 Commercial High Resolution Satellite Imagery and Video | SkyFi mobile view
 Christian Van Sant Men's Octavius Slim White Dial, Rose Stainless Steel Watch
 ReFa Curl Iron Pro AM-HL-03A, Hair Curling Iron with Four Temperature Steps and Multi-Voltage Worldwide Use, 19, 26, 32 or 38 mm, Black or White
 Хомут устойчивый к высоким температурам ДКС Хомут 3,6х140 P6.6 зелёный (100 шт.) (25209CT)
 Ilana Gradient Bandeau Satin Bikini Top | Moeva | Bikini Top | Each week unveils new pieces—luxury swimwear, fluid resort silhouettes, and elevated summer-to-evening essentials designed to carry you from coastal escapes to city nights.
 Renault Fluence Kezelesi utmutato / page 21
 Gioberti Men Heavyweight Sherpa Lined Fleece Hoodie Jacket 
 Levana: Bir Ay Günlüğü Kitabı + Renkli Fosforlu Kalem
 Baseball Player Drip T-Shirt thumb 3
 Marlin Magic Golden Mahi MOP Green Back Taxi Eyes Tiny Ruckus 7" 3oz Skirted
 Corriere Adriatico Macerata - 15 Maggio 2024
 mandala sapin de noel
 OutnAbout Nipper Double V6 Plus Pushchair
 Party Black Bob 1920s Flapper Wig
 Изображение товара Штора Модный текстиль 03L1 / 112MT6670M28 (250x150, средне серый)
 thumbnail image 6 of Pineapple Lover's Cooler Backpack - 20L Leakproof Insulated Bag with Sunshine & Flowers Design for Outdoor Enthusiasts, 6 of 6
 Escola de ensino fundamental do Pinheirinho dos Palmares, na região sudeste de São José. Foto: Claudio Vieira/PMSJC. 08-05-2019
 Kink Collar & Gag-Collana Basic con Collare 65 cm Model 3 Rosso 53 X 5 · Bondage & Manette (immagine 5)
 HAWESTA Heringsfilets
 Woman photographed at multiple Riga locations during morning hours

- - -

Tally the lines of the material that hold the word "with", and state only that tally.

2